Mystic Seaport: The School of America and the Sea
Seascapes: Spring/Summer 2012
It has long been the mission of Mystic Seaport to attend to the broad education of its visitors and members, both young and old. Today our educational programs span kindergarten to post-graduate levels in our effort “to inspire an enduring connection to the American maritime experience.” We provide both formal and interactive educational opportunities to expose our students to elements of our maritime heritage that have helped to define what America was, is, and will become. Museums in general are particularly good at expanding learning opportunities, but Mystic Seaport is especially well equipped to provide students with programs that are participatory, immersive, and multidisciplinary and which capitalize on both the depth and breadth of collections, museum educators, and campus assets. Further, primary source material (rare these days!) is considered in context to foster deeper understanding, and thus we can broadly complement the work that is done in more traditional academic settings.
In the 1980s, Howard Gardner presented his theory of multiple intelligences which evolved over time to include seven (and potentially two more) discernible intelligences or preferred modes for learning and expression, including spatial, linguistic, logical-mathematical, and bodily-kinesthetic. While each of us possesses all these intelligences to varying degrees, we generally prefer and find greatest success through one or two of these cognitive abilities. How fortunate we are that author H. Melville, painter J. E. Buttersworth, and yacht designer O. Stephens each found his preferred mode. But I propose for the sake of this issue (if not for the Museum itself), that Gardner omitted an important intelligence: sea intelligence. While he suggests that “naturalistic” is a potential eighth intelligence, I submit that our staff, members, and volunteers understand from personal experience the unique and powerful call of the sea, respond favorably to the motion of a vessel and the smell of the sea, and identify with that certain longing for what is over the maritime horizon. At Mystic Seaport we expose students to this sea intelligence and some take to it…. well, as a duck to water.

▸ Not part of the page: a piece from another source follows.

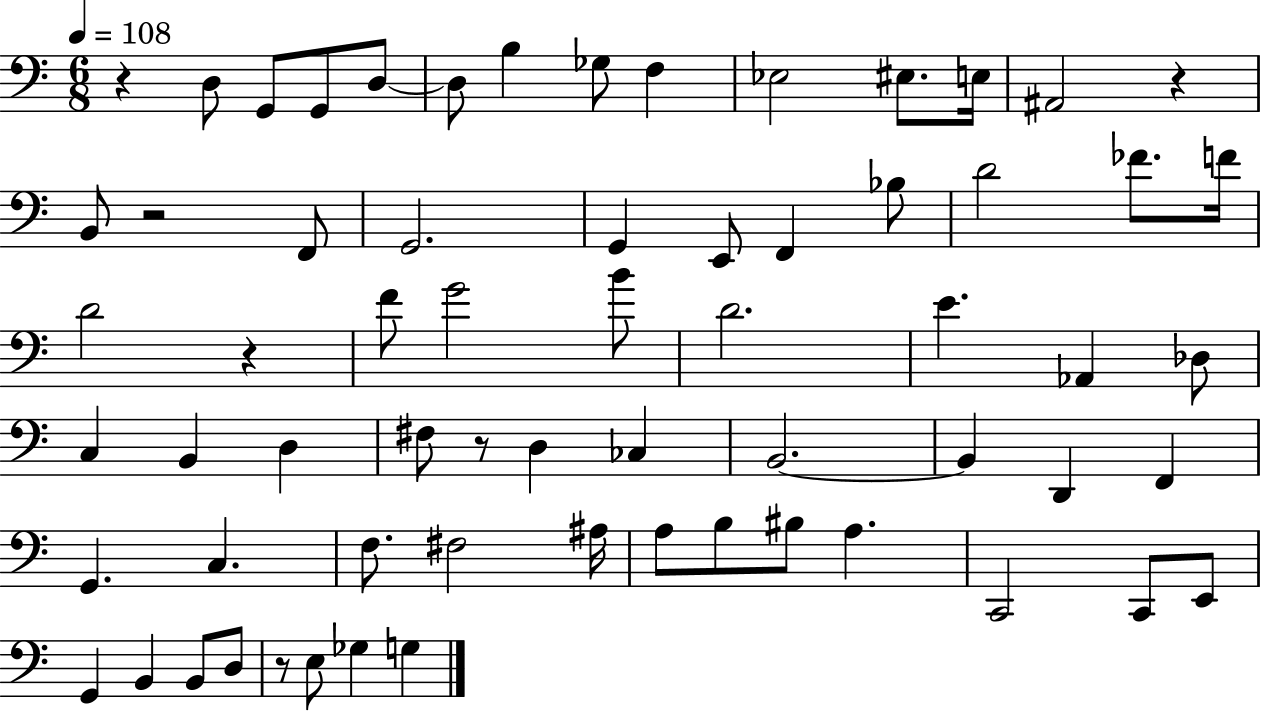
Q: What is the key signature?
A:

Quite simply, Gardner’s philosophy stresses the importance of providing individuals with opportunities to explore and learn within their preferred or dominant modality. To that end, educators and parents should work towards getting students out of the traditional classroom setting and giving them the chance to connect to their own preferred manner in which to experience the world, by exposing them to physical activities, drama, music groups, engineering activities, and, yes, maritime museums. Those who have been fortunate enough to come to the Museum to experience Ship to Shore, Williams-Mystic, apprenticeships and internships, Brilliant, Ocean Classroom Foundation programs, and Conrad Camp (to name just a few) know what I mean. Without exposure to immersive sea experiences, some might never discover a latent potential or the possibility of linking their sea intelligence with spatial intelligence and becoming a shipwright, for example.